What the exercise asks
Leaving pictures out, repeat word for word the line that has "Allium Neapolitanum 5/6" and each line that follows it to the end of the listing.

-- Opening Marker --

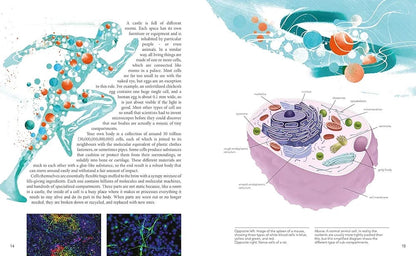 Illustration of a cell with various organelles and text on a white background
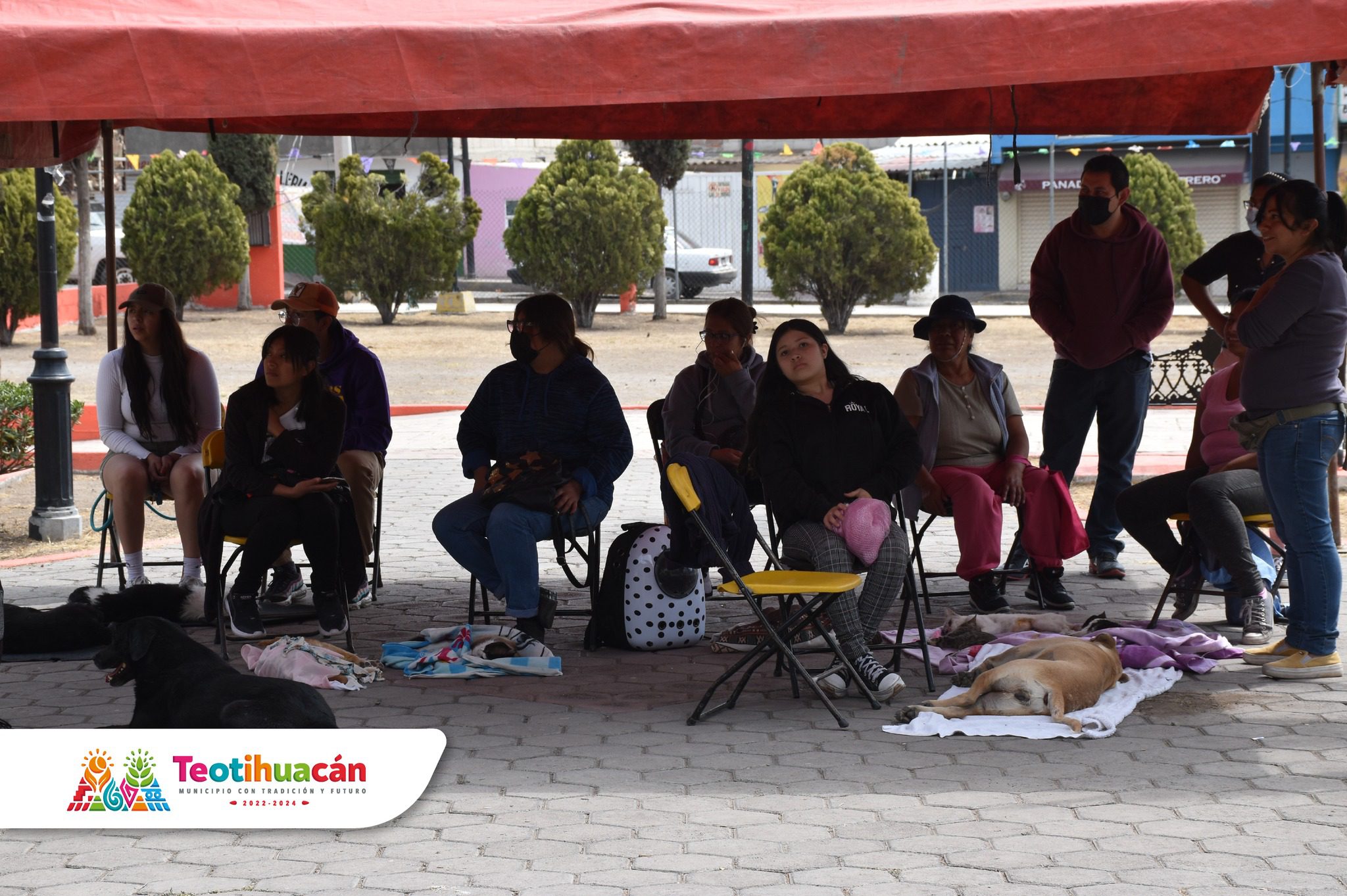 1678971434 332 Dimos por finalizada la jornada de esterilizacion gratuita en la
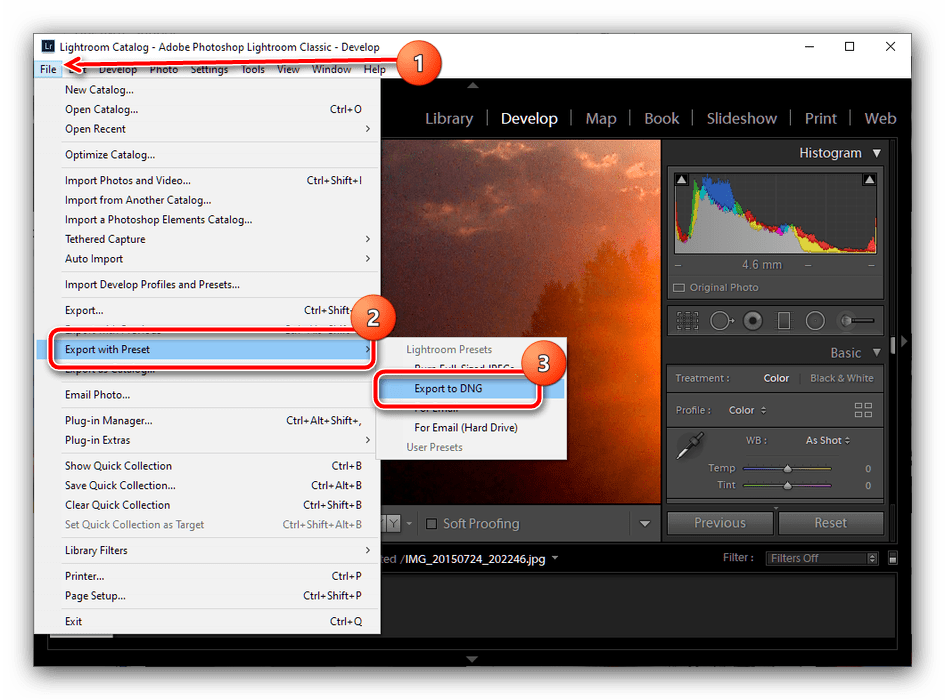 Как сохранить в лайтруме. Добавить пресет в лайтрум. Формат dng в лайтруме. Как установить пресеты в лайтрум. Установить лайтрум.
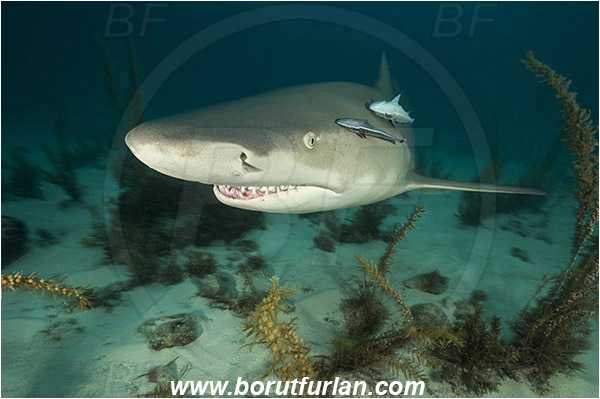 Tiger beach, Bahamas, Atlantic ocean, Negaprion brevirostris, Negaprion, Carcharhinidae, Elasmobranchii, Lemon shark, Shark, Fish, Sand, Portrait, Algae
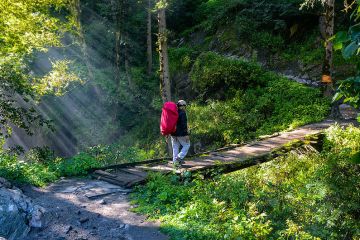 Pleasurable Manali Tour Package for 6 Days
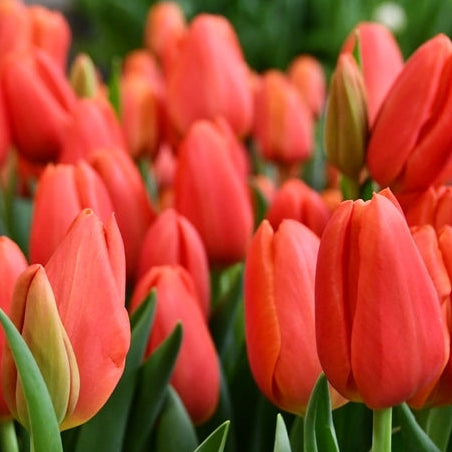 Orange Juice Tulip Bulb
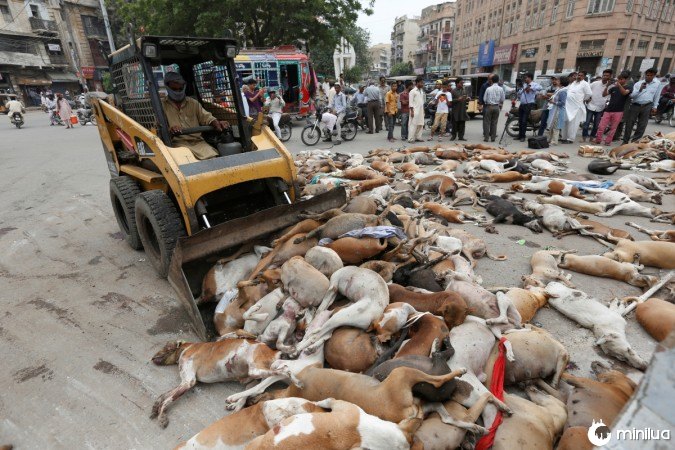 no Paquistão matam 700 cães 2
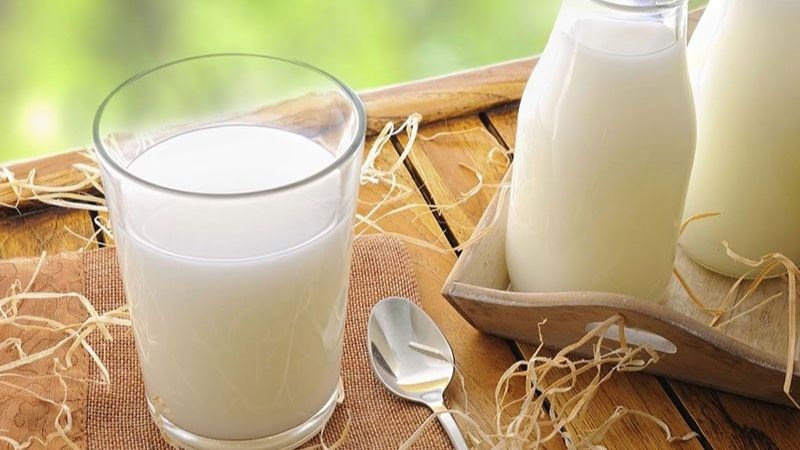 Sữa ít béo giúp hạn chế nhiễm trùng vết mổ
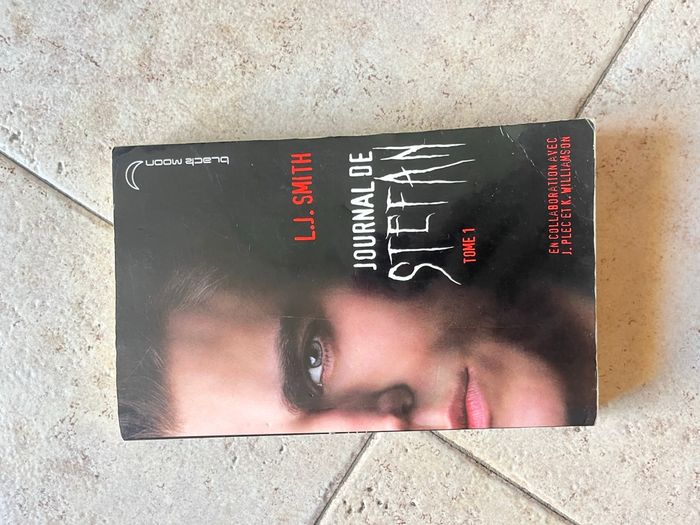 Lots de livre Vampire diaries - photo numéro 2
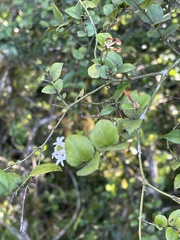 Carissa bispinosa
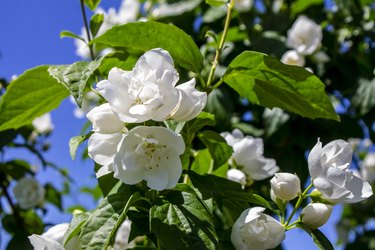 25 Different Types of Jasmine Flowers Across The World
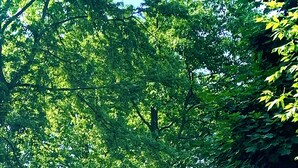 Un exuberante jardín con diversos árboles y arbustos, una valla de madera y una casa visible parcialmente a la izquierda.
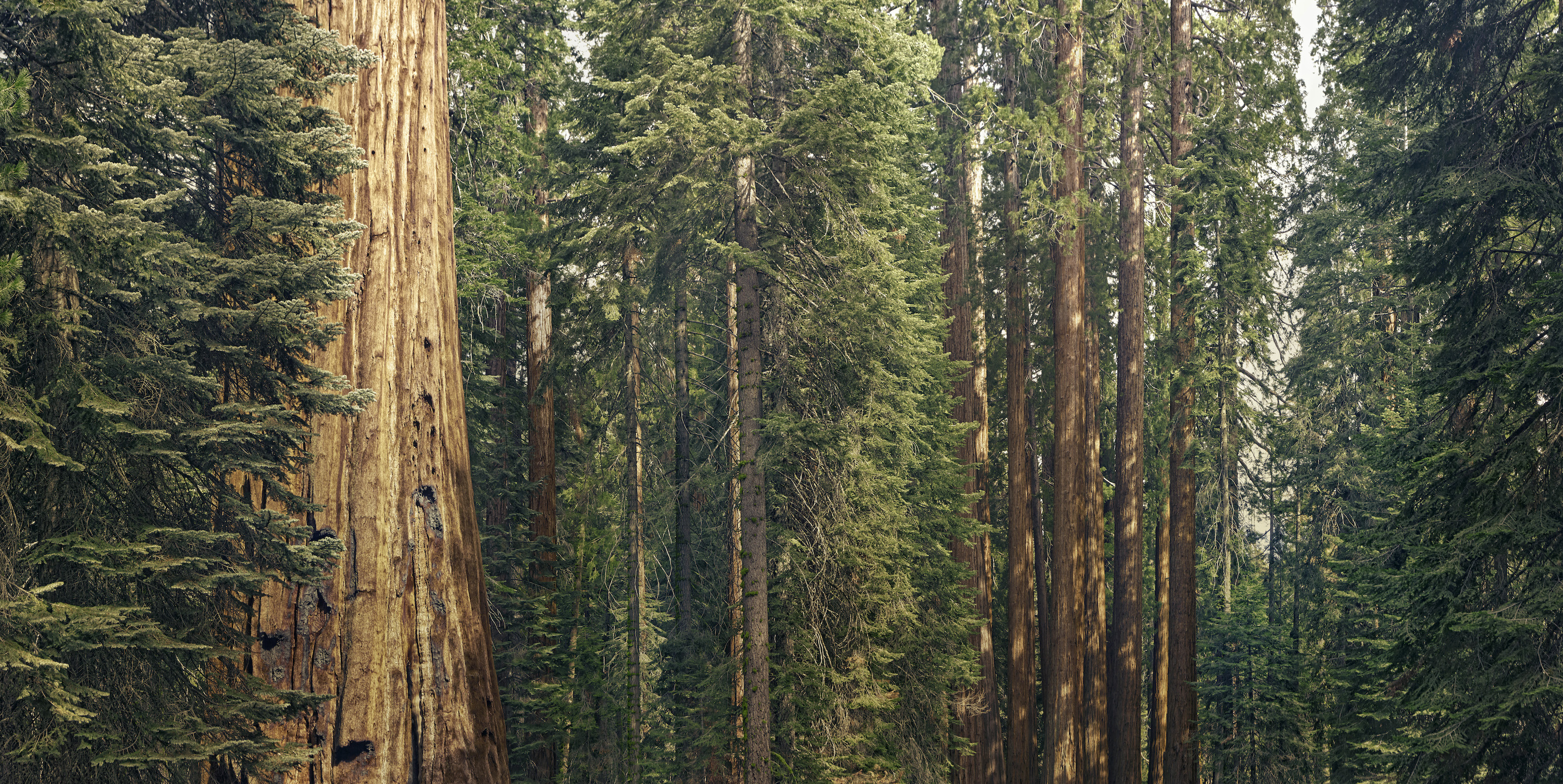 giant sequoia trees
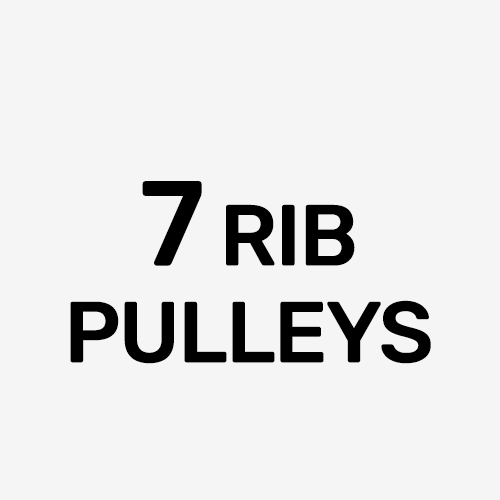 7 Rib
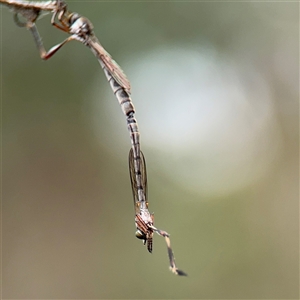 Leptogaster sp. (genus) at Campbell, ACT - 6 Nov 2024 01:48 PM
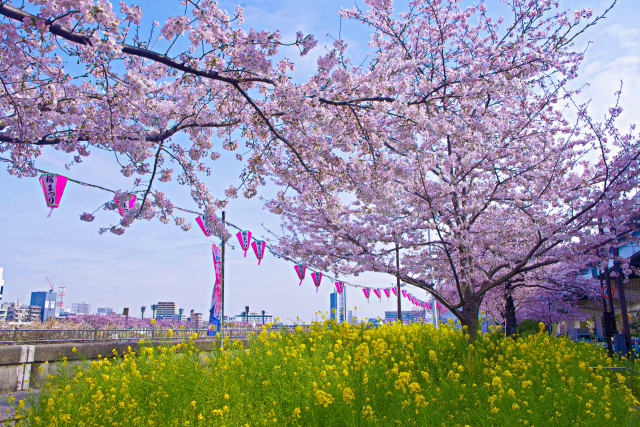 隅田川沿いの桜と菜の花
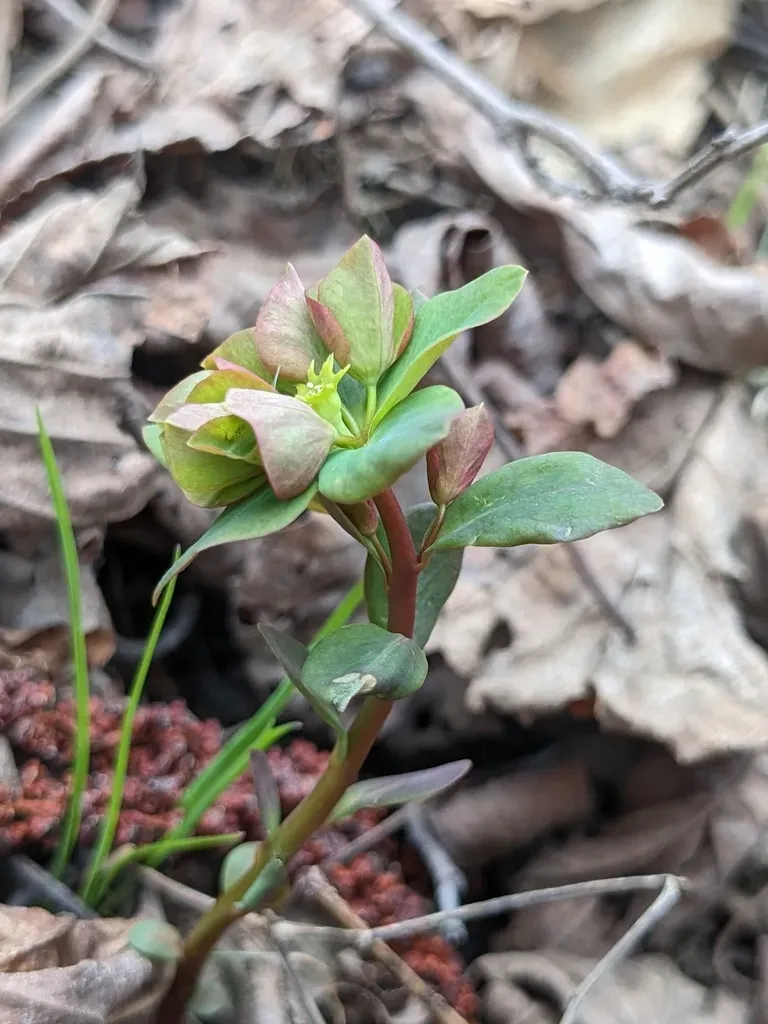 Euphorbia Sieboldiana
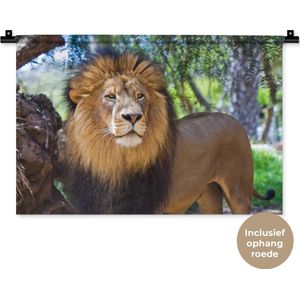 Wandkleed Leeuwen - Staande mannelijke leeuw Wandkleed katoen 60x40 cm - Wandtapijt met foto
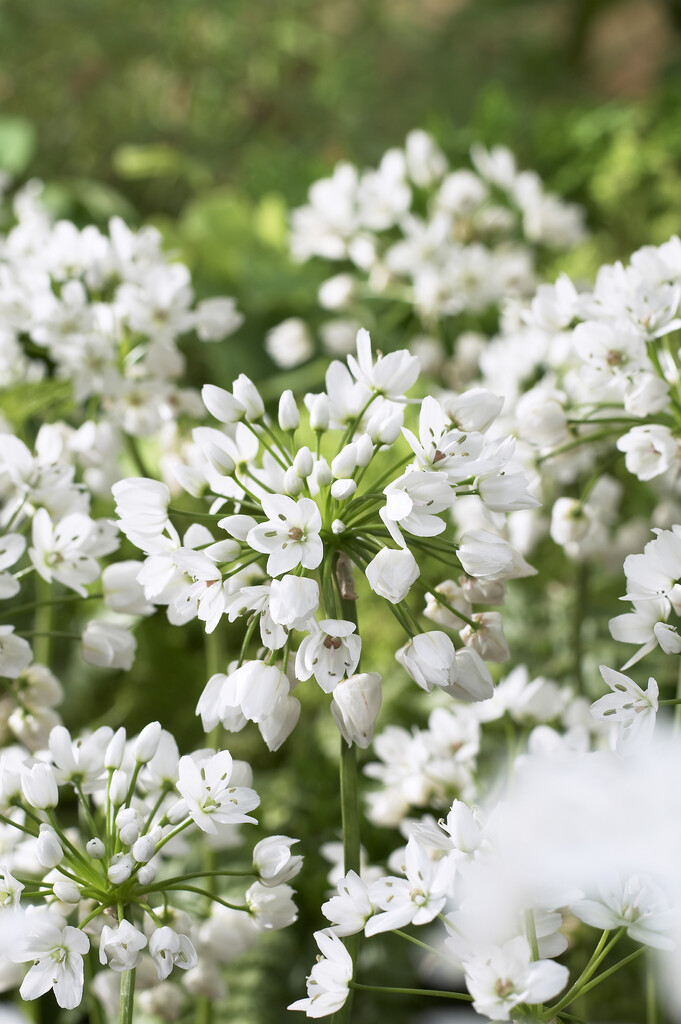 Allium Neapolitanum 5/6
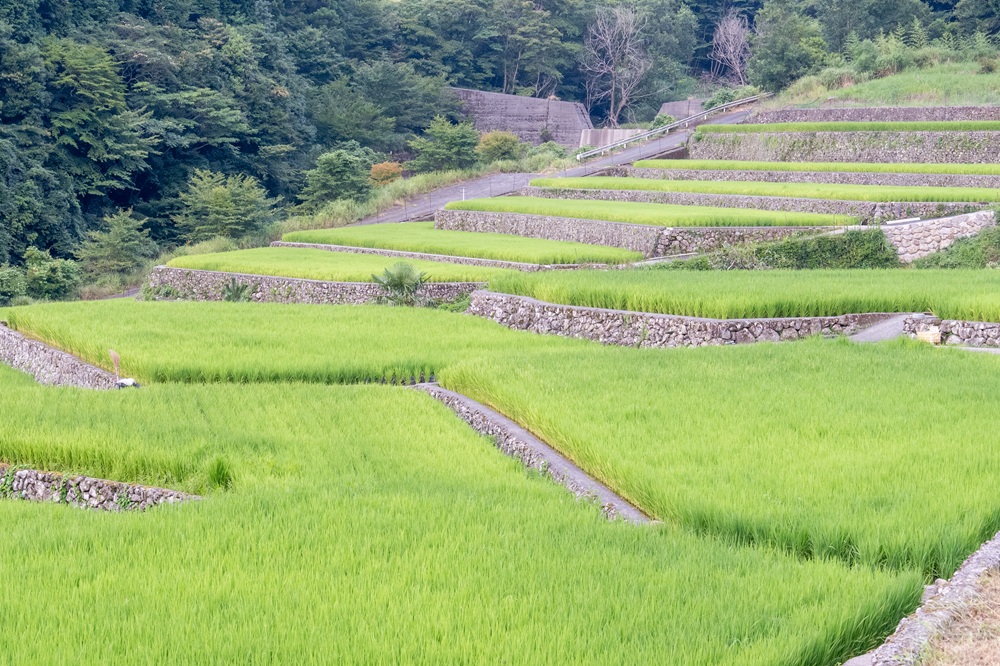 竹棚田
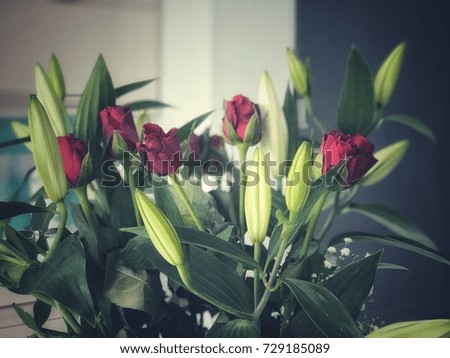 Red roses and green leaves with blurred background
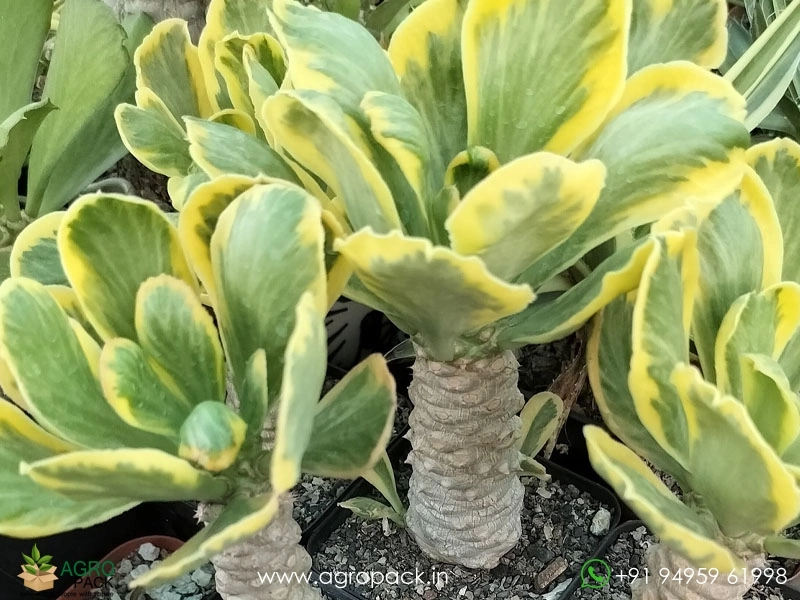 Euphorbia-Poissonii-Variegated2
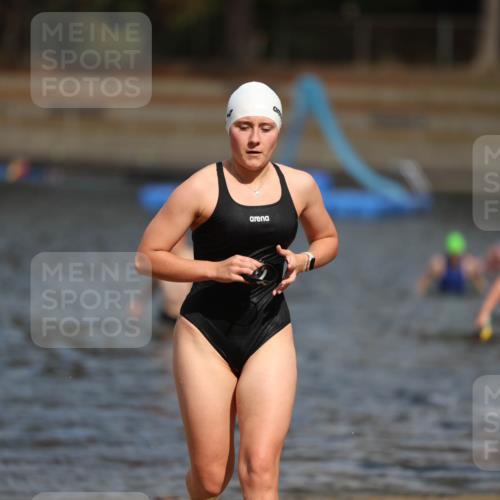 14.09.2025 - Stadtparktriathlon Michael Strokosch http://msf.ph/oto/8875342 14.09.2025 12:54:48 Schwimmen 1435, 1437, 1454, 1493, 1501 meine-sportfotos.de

-- Closing Marker --

Answer below
 Allium Neapolitanum 5/6
 竹棚田
 Red roses and green leaves with blurred background
 Euphorbia-Poissonii-Variegated2
 14.09.2025 - Stadtparktriathlon Michael Strokosch http://msf.ph/oto/8875342 14.09.2025 12:54:48 Schwimmen 1435, 1437, 1454, 1493, 1501 meine-sportfotos.de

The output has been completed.